Typical Shark Week advertisement, promoting death, destruction, and
violence by angry sharks who ostensibly target beach-goers. (Source)

I have not kept up with Shark Week for several years.  But, on a recent channel surfing expedition, I was attacked with Shark Week promos and was quickly taken back to those long August nights some 15 years ago.  The current shows look a lot like what I remember—a deep, admonishing voice narrates over translucent blood running in the background as some cartoon-like, snaggle-toothed shark with glaring eyes swims across the screen.  Then, as if it is the legal obligation of the station, a short subdued segment follows that explains how overfishing sharks must end if we are to keep the oceans in some semblance of balance, almost like the often ignored softly spoken legal information that follows the utopian Viagra commercial.
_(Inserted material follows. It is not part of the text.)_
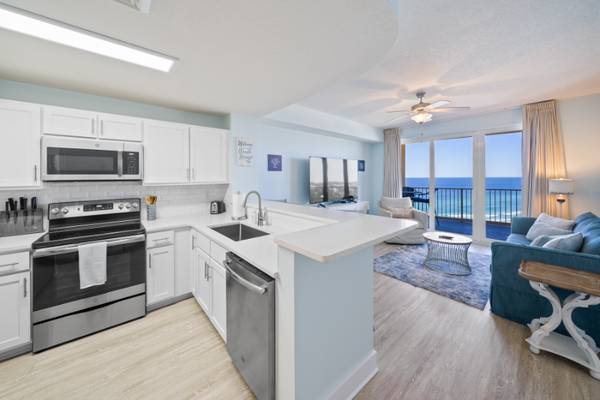 $2200.00 / 1br - 1000ft2 - SNOWBIRD on THE BEACH! Calypso Tower 3 - Walking distance to Pier Park63924681909763122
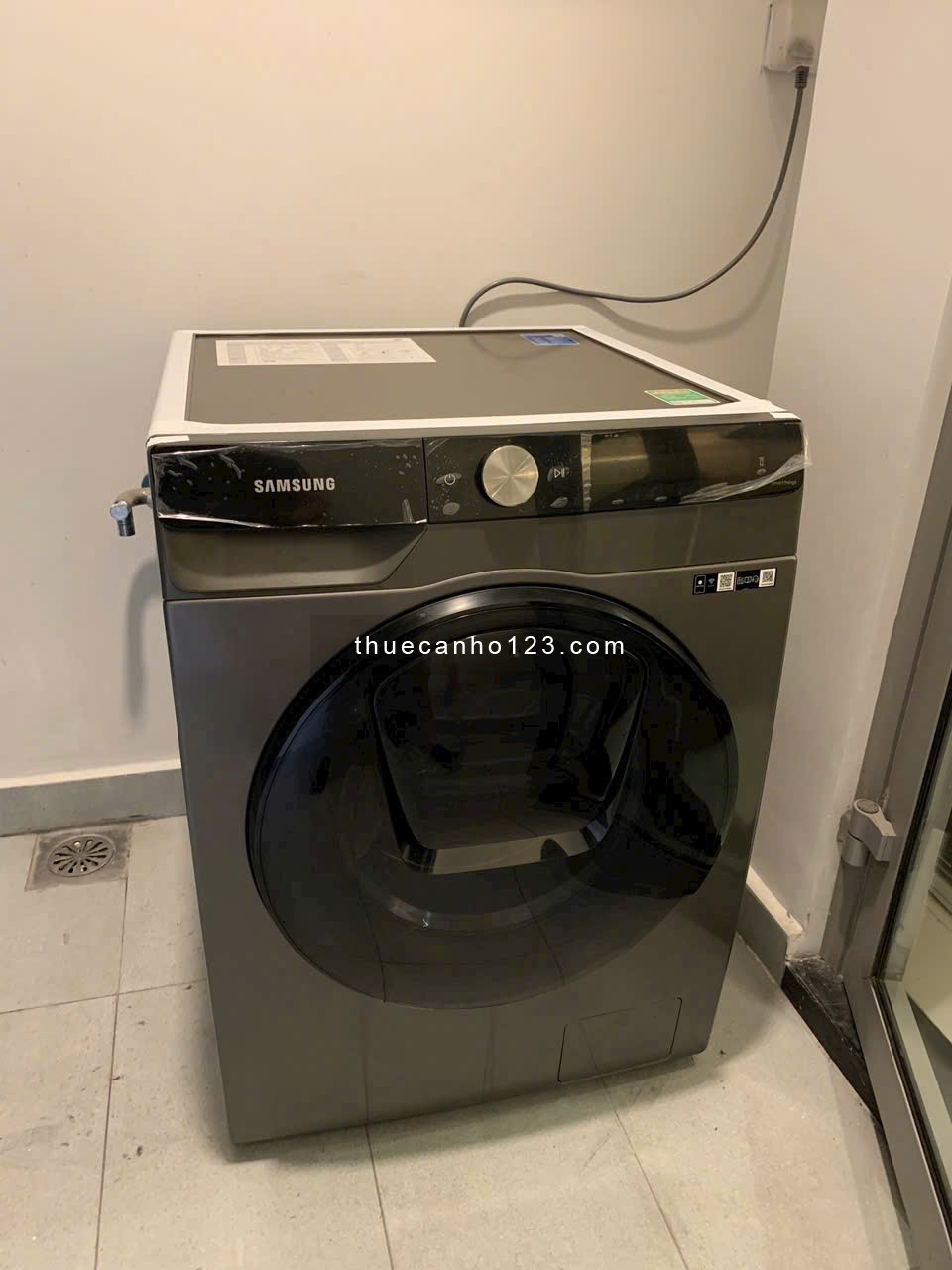 GIÁ SỐC, chỉ 25 triệu tận hưởng tại căn 1 phòng ngủ full nội thất, view chill, tại Empire City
I’m certainly not the first person to consider this, but: What exactly is the theme of Shark Week? (Other than the obvious answer: To create programs that will allow the Discovery Channel to charge the absolute highest price they can for advertising space.)

Images like these are impressive and display the raw power of sharks.
Unfortunately, they largely contribute to a culture of shark fear, suggesting that
sharks will readily leave the water in pursuit of a kill. (Source)
Most of Shark Week programming is geared toward the glorification of the violent aspect of sharks.  I am not necessarily against this vantage point as 1) sharks are one of the few carnivorous species large enough to evoke fear in humans, and 2) the Discovery Channel is free to air whatever they want.  However, in a quick survey of the 9 new original programs for Shark Week 2012, the primary themes of 7 shows are attacks or some other prominent theme of violence, whereas, only 2 programs focus on science, ecology, or non-violent themes.  Looking at the overall TV schedule for the week (which includes many specials from previous Shark Weeks), it was clear this disparity persisted.
I am not advocating turning Shark Week off; by all means please watch and enjoy—after all it is just TV.  But Discovery Channel, please know that you are delivering a very conflicted message—that the violent nature of sharks and the constant need to rank attacks, species, etc., is in direct contrast to the notion of conserving the very same animals!  This is like a week of TV dedicated to addictions, impugning all people who ever had a drink or a cigarette as heartless addicts, but once a day including a show that talks about real solutions to recovery.  Which is it, Discovery Channel?


For every shark that attacks a human, millions are killed, many solely for their fins.
Imagine how healthy we might be if we demonized smoking or overeating with
the same tenacity as we do sharks. (Source)
It is clear that society is addicted to Shark Week, but the statistics also show that society is addicted to over-harvesting sharks.  In the absence of a clear message, can anyone really wonder why we do what we do to sharks?